### What you will do:
Please give back, exactly as written, the lines from the line with "unfurnished bedroom featuring" to the line with "Frame of toy" in the listing below, leaving out all pictures.

### Records shown:
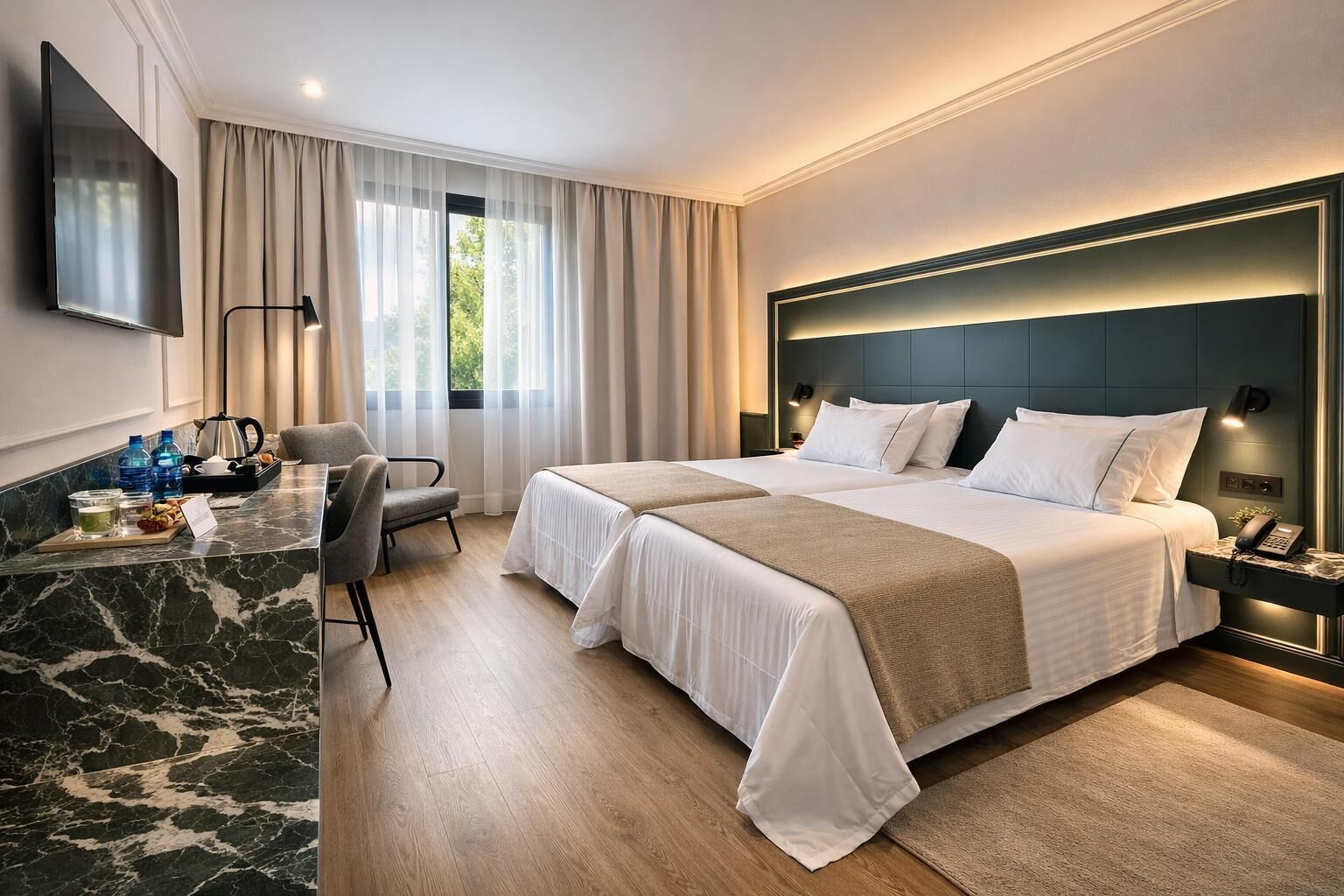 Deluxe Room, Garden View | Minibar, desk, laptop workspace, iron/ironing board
...
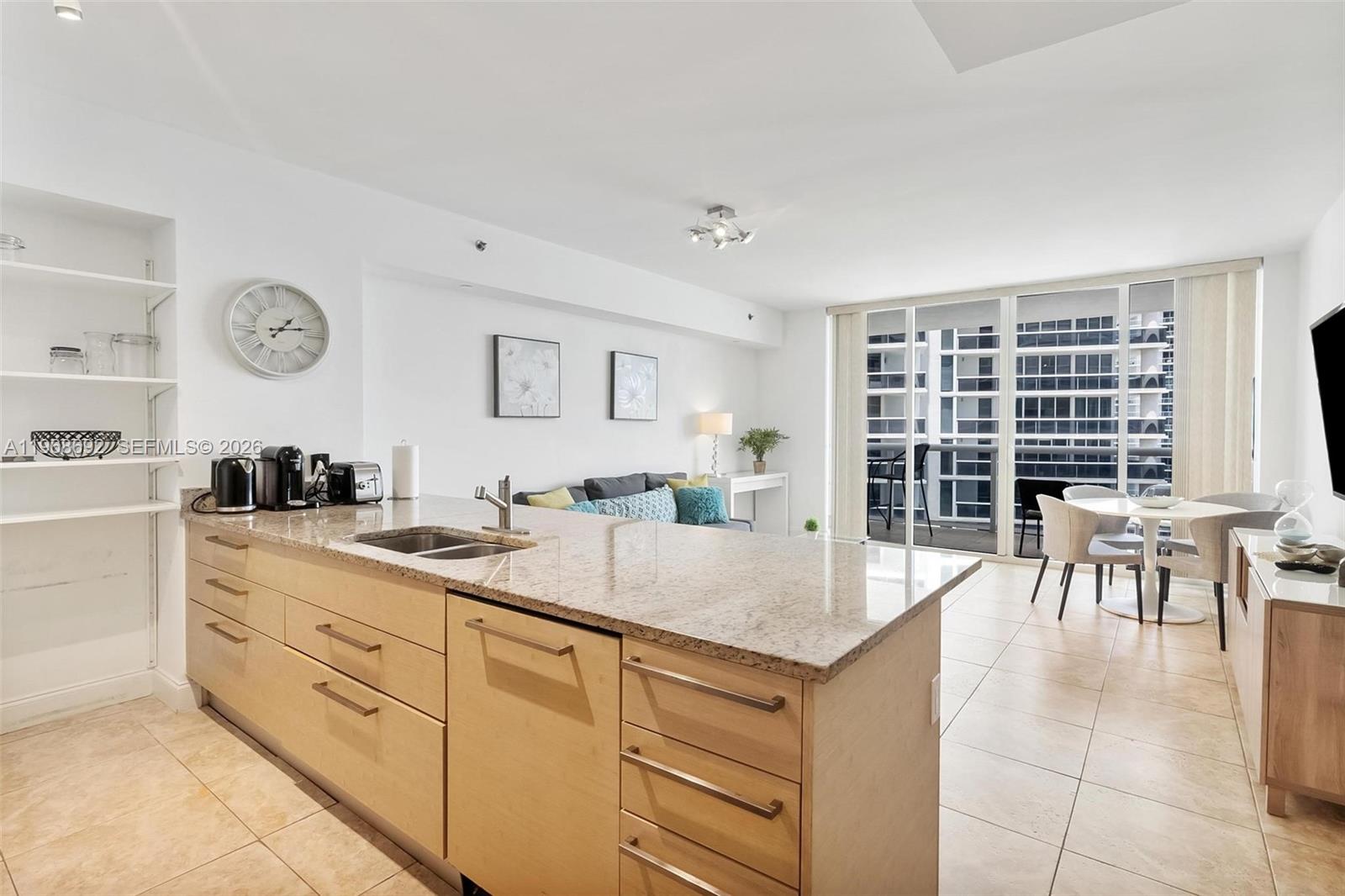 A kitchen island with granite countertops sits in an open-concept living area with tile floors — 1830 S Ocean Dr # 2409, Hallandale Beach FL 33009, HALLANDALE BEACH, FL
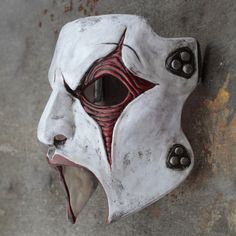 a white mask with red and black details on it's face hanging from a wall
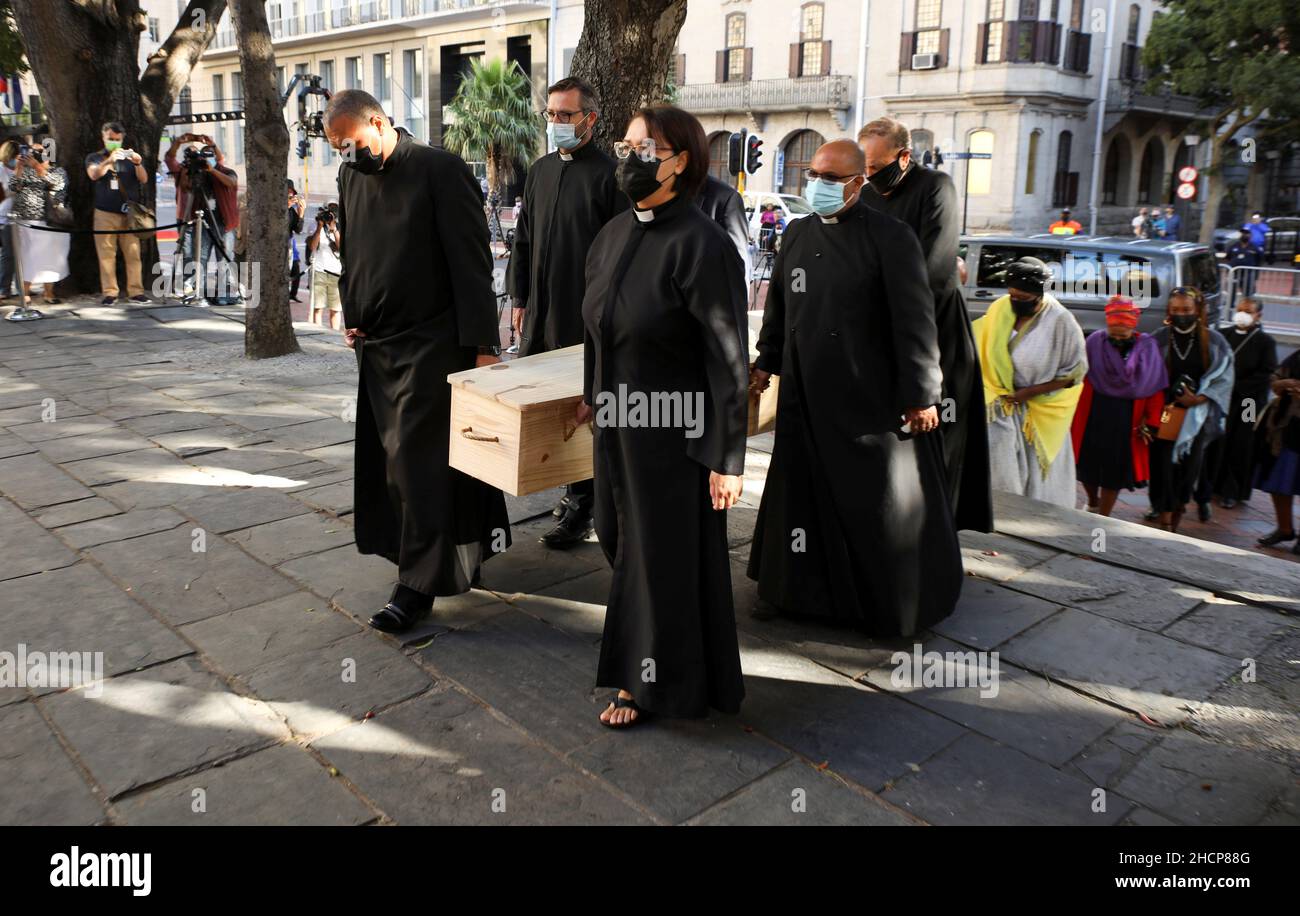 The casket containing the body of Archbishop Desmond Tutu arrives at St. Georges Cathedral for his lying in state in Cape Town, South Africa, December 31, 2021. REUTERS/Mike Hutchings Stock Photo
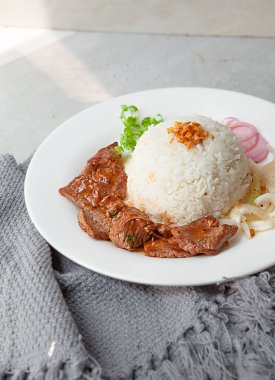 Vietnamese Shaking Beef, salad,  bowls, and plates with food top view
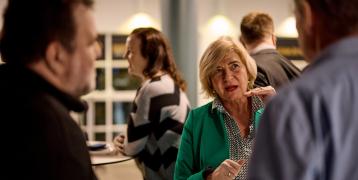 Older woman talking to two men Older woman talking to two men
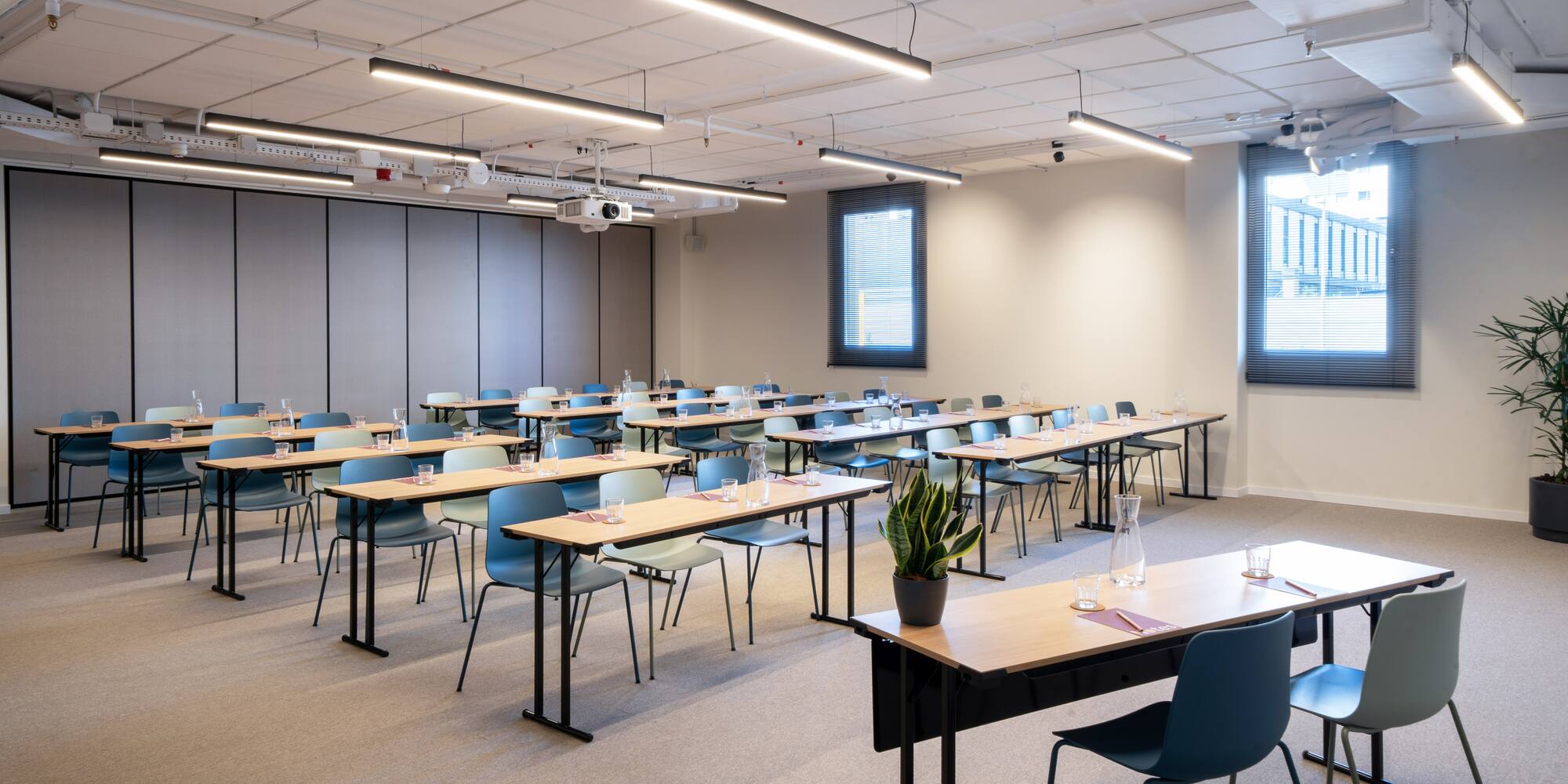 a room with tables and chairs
---
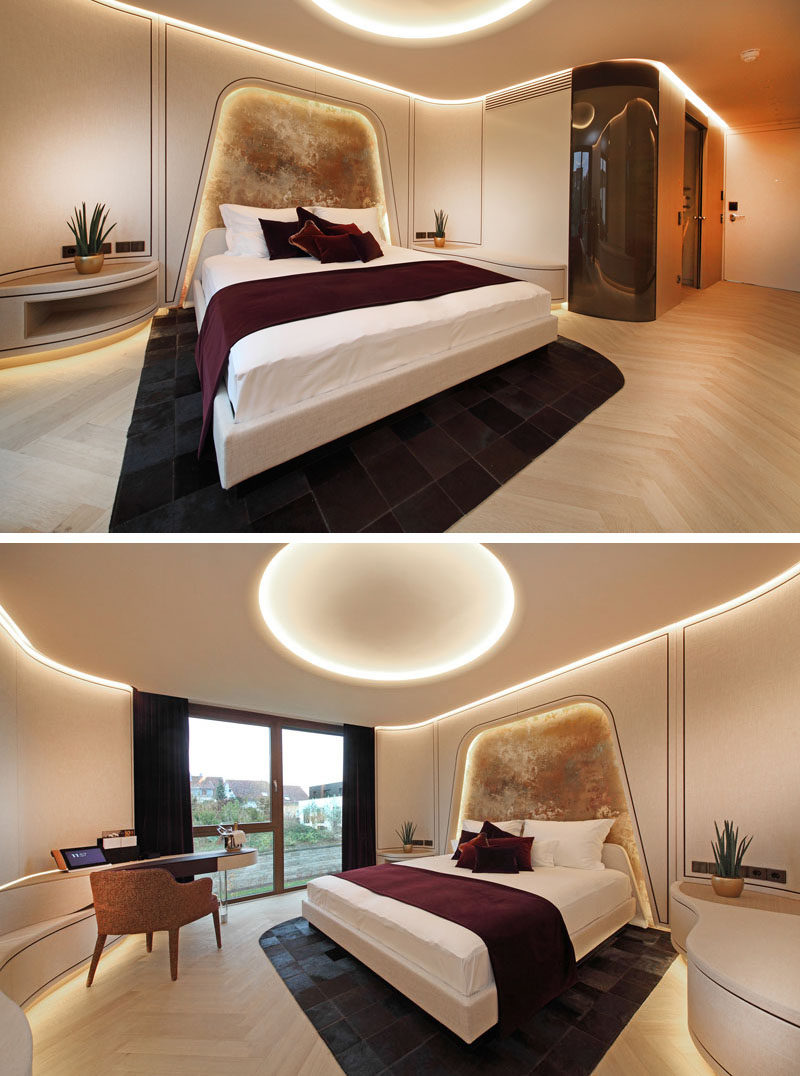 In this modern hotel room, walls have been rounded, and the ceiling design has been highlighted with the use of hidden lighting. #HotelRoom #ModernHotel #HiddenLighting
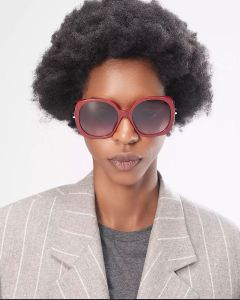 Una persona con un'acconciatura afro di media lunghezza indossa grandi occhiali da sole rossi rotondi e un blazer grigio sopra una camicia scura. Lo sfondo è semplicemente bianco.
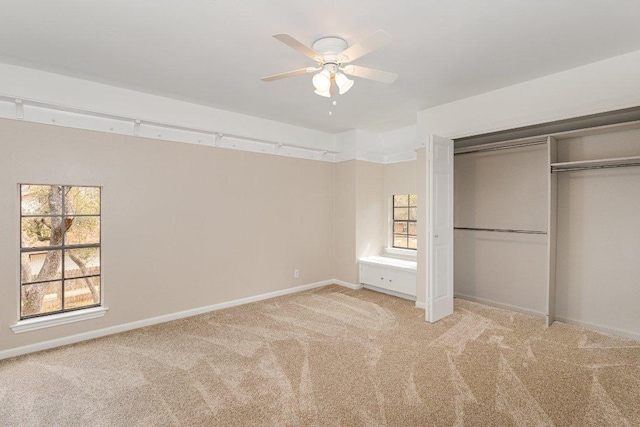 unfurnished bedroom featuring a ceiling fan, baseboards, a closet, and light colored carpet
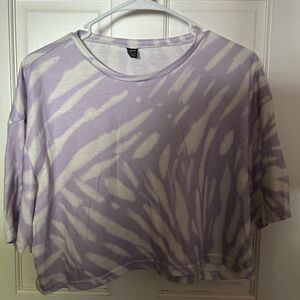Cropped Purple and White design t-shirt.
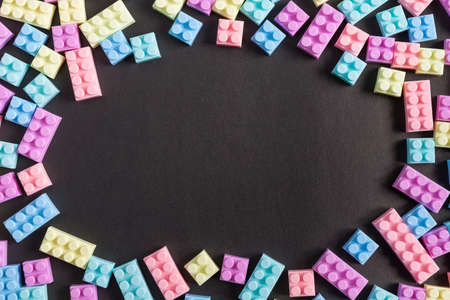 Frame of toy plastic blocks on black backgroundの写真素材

### Reply:
 unfurnished bedroom featuring a ceiling fan, baseboards, a closet, and light colored carpet
Cropped Purple and White design t-shirt.
 Frame of toy plastic blocks on black backgroundの写真素材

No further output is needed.